■ DATA BELOW
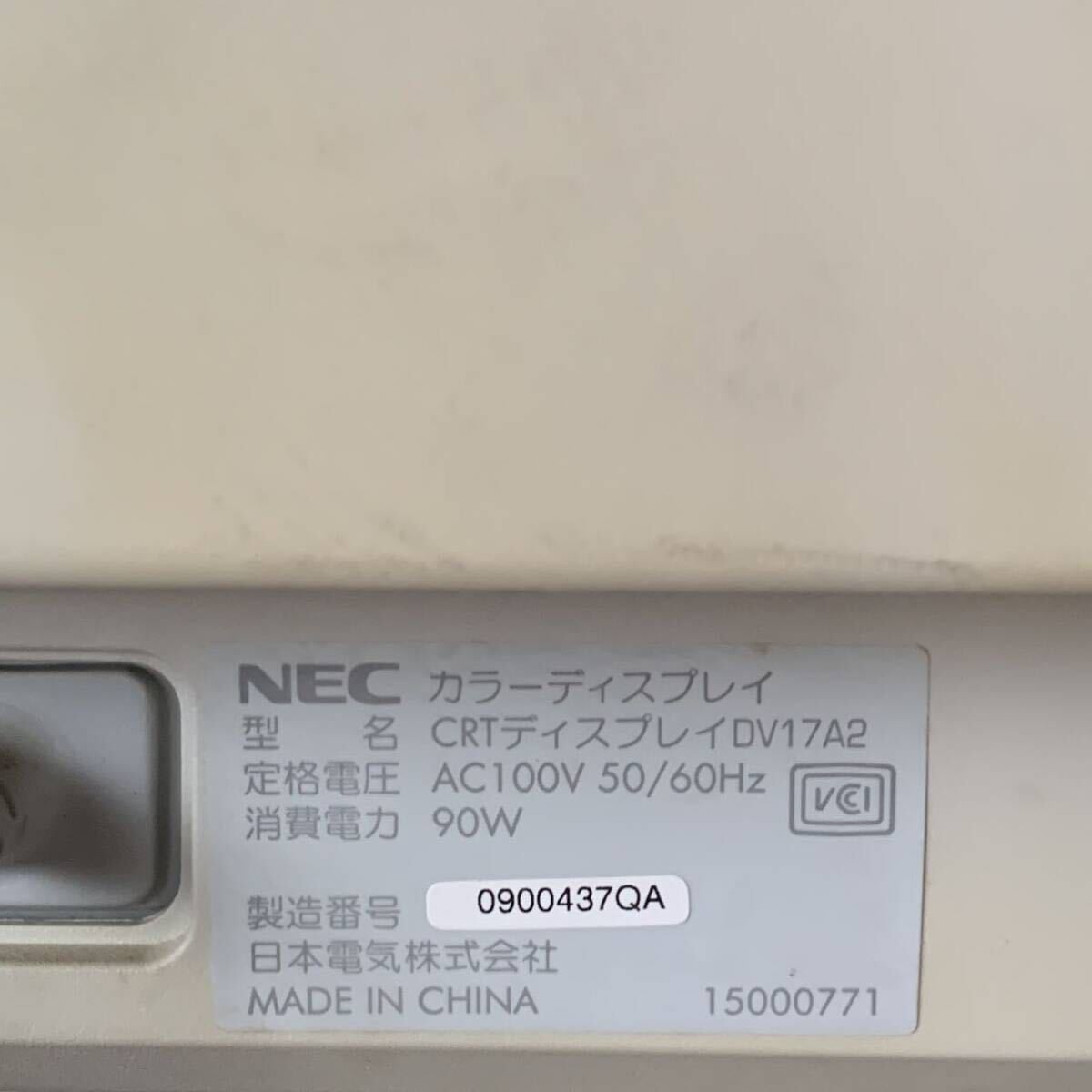 【動作品】PCモニター NECカラーディスプレイ CRTディスプレイDV17A2の画像6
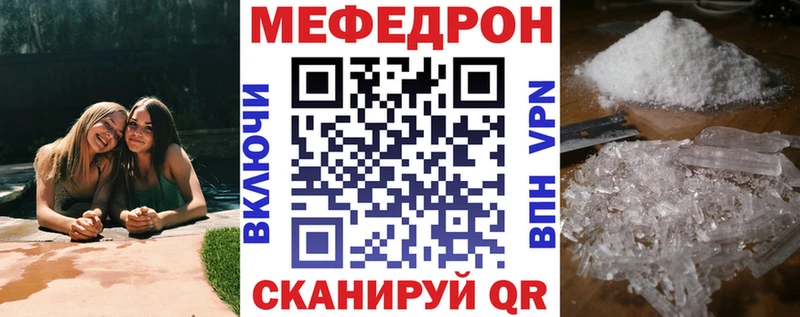 наркотики  Красноуфимск  Меф 4 MMC 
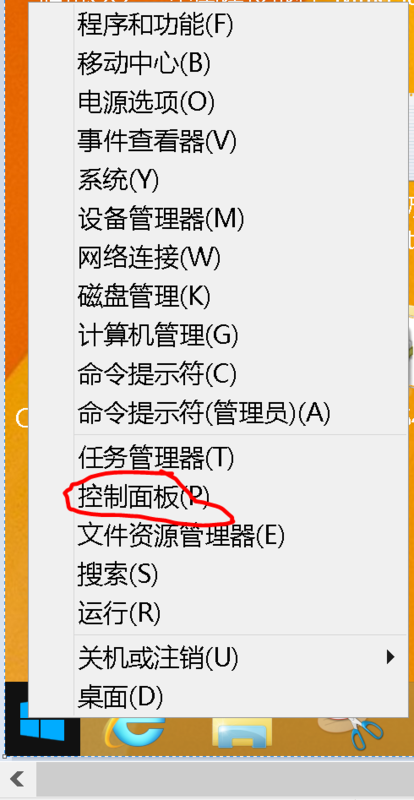 记本为什么调整屏幕分辨率之后屏幕尺寸变小了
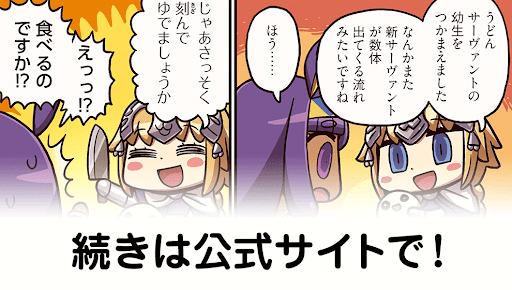 fgo-漫画でわかる_84話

■ TASK
Give the listing again word for word. Skip any pictures.

■ WRITTEN SOLUTION
 【動作品】PCモニター NECカラーディスプレイ CRTディスプレイDV17A2の画像6
 наркотики  Красноуфимск  Меф 4 MMC 
 记本为什么调整屏幕分辨率之后屏幕尺寸变小了
 fgo-漫画でわかる_84話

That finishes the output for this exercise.